The network is all but dispensing with the traditional "up-front" advertising spectacle—splashy events each May to show off stars and fall prime-time schedules in hopes of luring advertisers and publicity.
Instead, it's trying a pared-down approach, meeting one-on-one with advertisers after a news conference, held today at 1:30 p.m., in which the network's year-round—not fall prime-time—schedule was announced.
Facing an increasingly splintered audience, increased competition from cable networks and the internet, and now a recession, NBC executives said in February that their revamped up-front process would let them "create new advertising models, define more effective metrics, and provide a better return on our clients' investments."

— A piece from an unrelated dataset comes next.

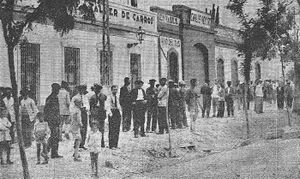 Avenida de las Ollerías (1931). Obreros.jpg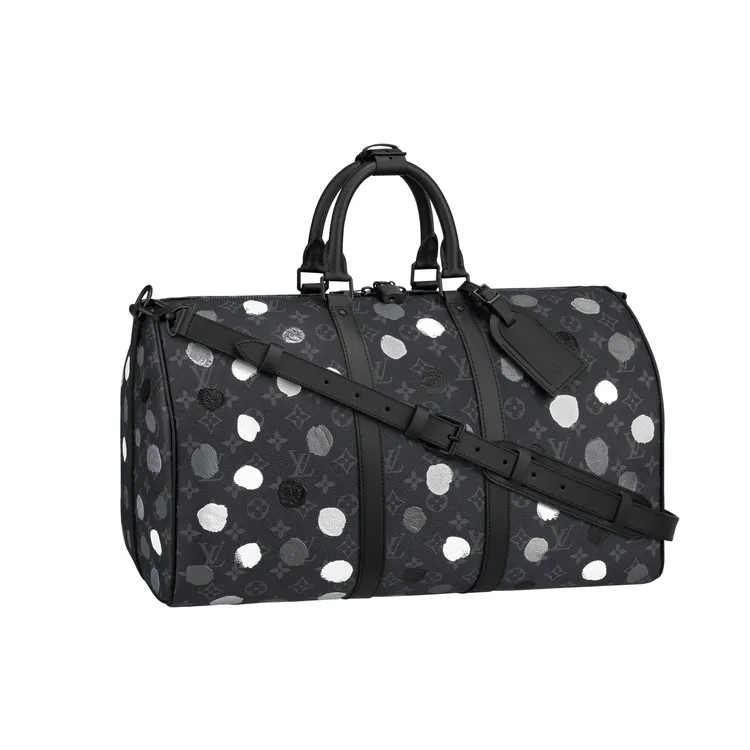 LV x草間彌生系列Keepall 55旅行袋，11萬1000元。品牌提供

Sure, that sounds great—and other networks scrambled to react. Fox executives even claimed that they had been introducing year-round schedules for years and should get credit for the idea.
But will all this hoopla about the new formula really help give NBC a competitive edge?
"Not necessarily," says Charles Rutman, C.E.O. of MPG–North America, a media planning and buying company based in New York. "First of all, we don't know if the programs are any good. This is all a great strategy, but you have to deliver the goods."
Rutman said he does see a benefit in terms of advance planning, however. Many clients are already thinking about the fourth quarter of this year and the first quarter of next year, so moving up the up-fronts by a month or more "could be beneficial," he says.
"But is this going to be a major shift in share gain in and of itself?" he asks. "I don't think so."
Ben Silverman, co-chairman of NBC Entertainment, introduced the shows returning to NBC, including Lipstick Jungle, whose fate had been uncertain, and reality shows Celebrity Apprentice and The Biggest Loser. Silverman seized the opportunity to take a jab at Fox, praising NBC's uplifting reality content and saying, "We will not be doing Moment of Truth" (Fox's excruciating lie-detector- using and marriage-destroying reality show).
Among the new shows announced was a The Office spin-off that will have its premiere after the Super Bowl.
If nothing else, NBC has the advantage of getting to advertisers first. Today's news conference took place six weeks before competing networks—Fox, CW, CBS, and ABC—hold their traditional up-fronts.
But the early start on selling doesn't mean that NBC will ditch the glitz altogether: The network still plans to hold what it's calling a spotlight event on May 12.
Some things, however, never change. The NBC executives who spoke all read from a prompter.